PROBLEM TO WORK ON:
Give back, exactly and with nothing else, the lines running from the one that contains "Visillo liso ligero con 16 colores" to the end of the entries below; do not include pictures.

LISTED RECORDS START

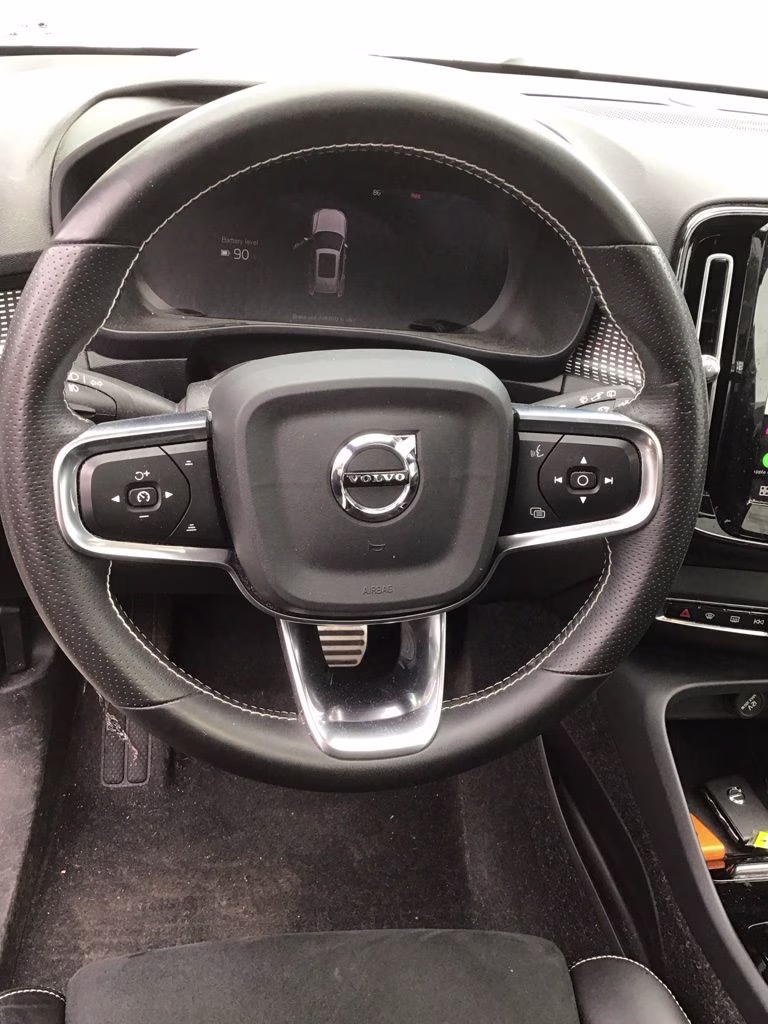2021 Crystal White Volvo XC40 Recharge Pure Electric P8 AWD SUV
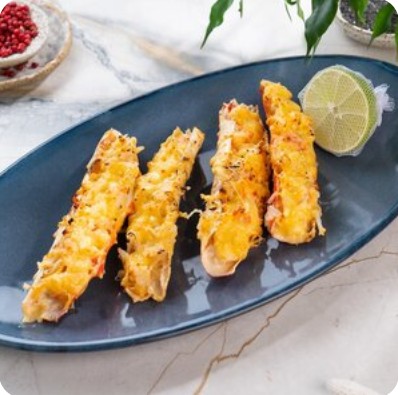 Запеченные фаланги камчатского краба с кокосовым молоком и сыром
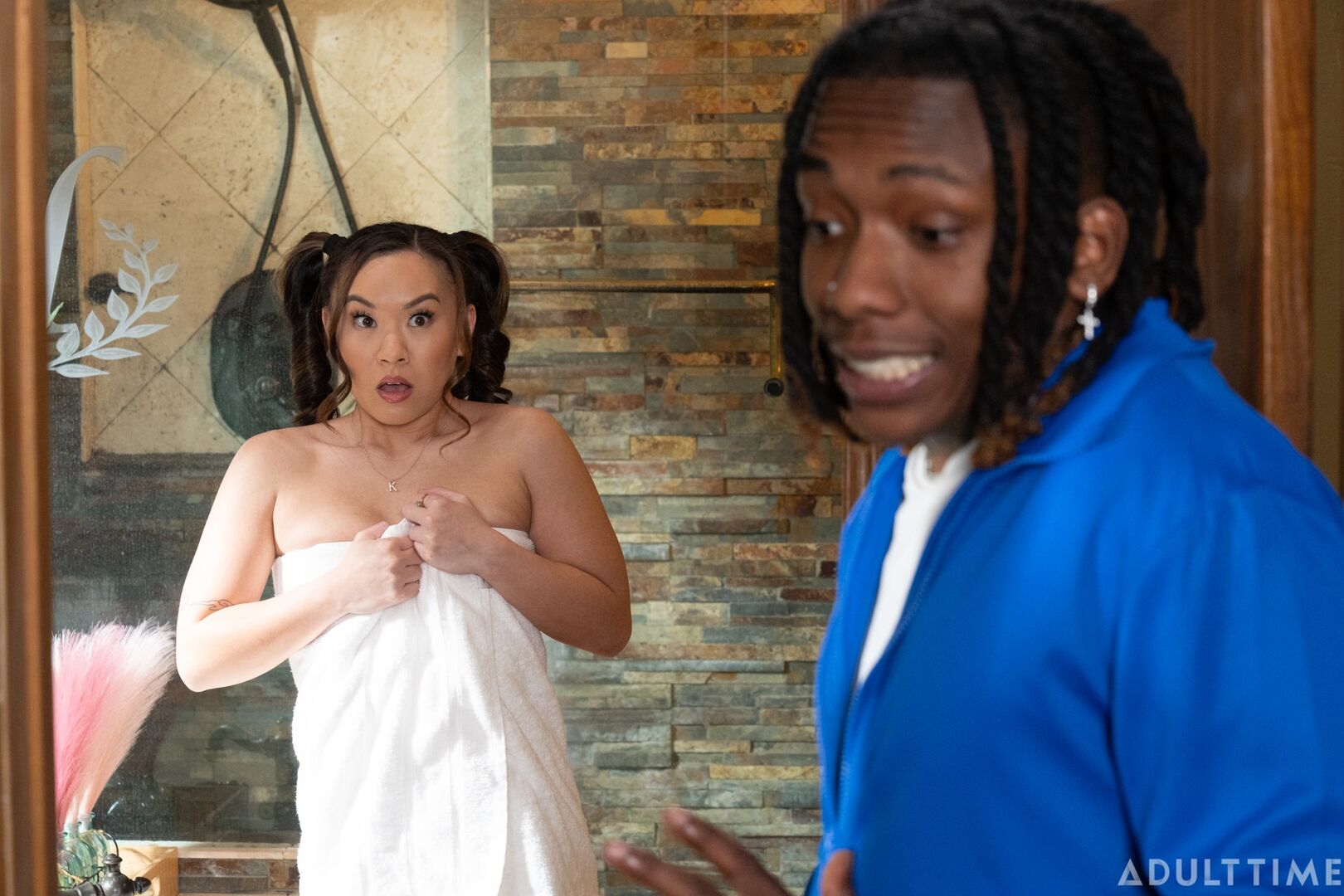 Cheerleader's Hot Shower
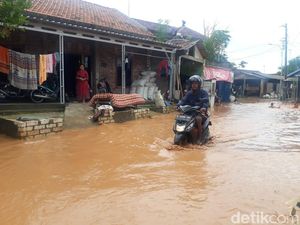 Selain Jalur Pantura, Banjir Juga Genangi Rumah Warga di Pati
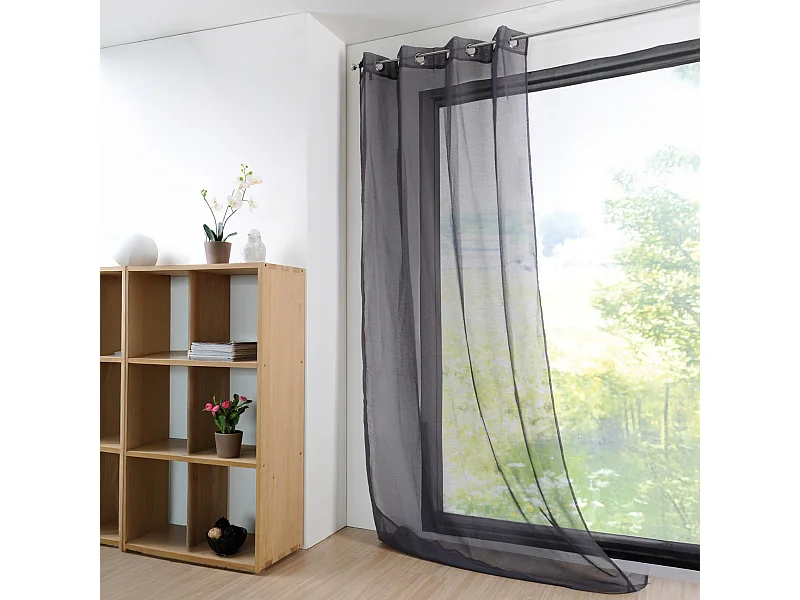 Visillo liso ligero con 16 colores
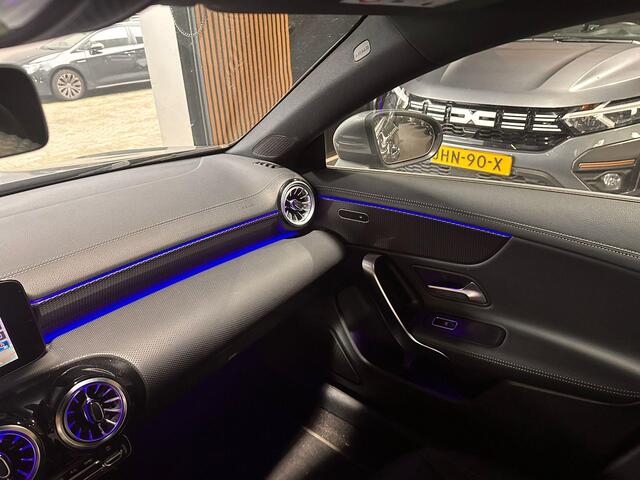 Mercedes-Benz CLA-KLASSE 180 Luxury Line stoelverwarming/Ambilight/Navi/Dealeronderhouden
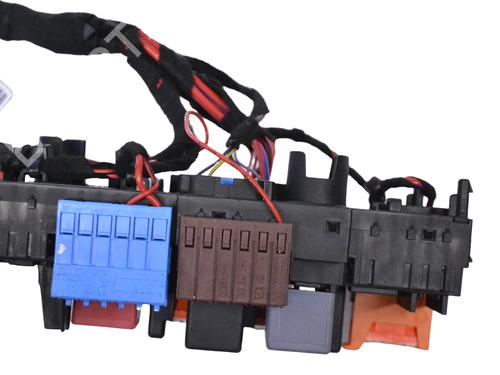 Fuse box MERCEDES-BENZ E-CLASS (W213) E 220 d (213.004) | BP30229793E1 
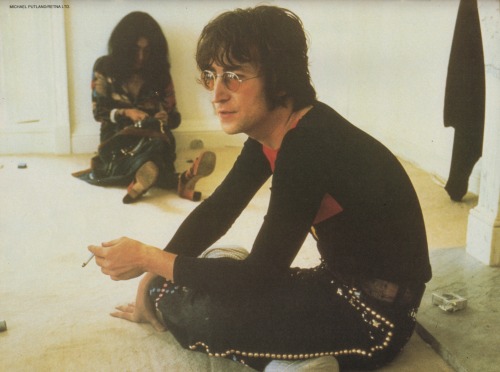 danktronik:  Lennon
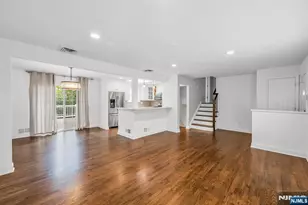 23 Hampshire Rd, Paramus, NJ 07652 - Photo 3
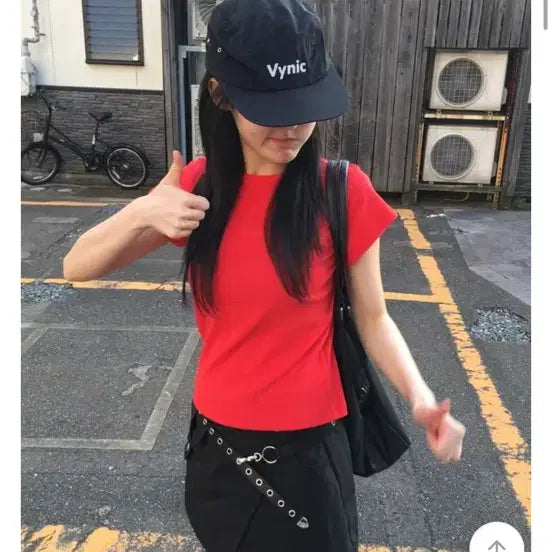 [BUNJANG] Shopsiot Red T-shirt - New / 지그재그 에이블리 샵시오트 티셔츠 레드 새거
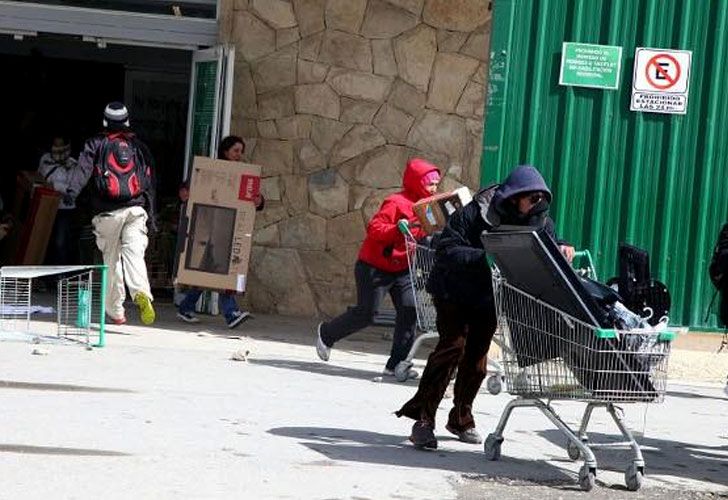 Saquearon supermercado en Bariloche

LISTED RECORDS END

EXERCISE OUTPUT:
 Visillo liso ligero con 16 colores
 Mercedes-Benz CLA-KLASSE 180 Luxury Line stoelverwarming/Ambilight/Navi/Dealeronderhouden
 Fuse box MERCEDES-BENZ E-CLASS (W213) E 220 d (213.004) | BP30229793E1 
 danktronik:  Lennon
 23 Hampshire Rd, Paramus, NJ 07652 - Photo 3
 [BUNJANG] Shopsiot Red T-shirt - New / 지그재그 에이블리 샵시오트 티셔츠 레드 새거
 Saquearon supermercado en Bariloche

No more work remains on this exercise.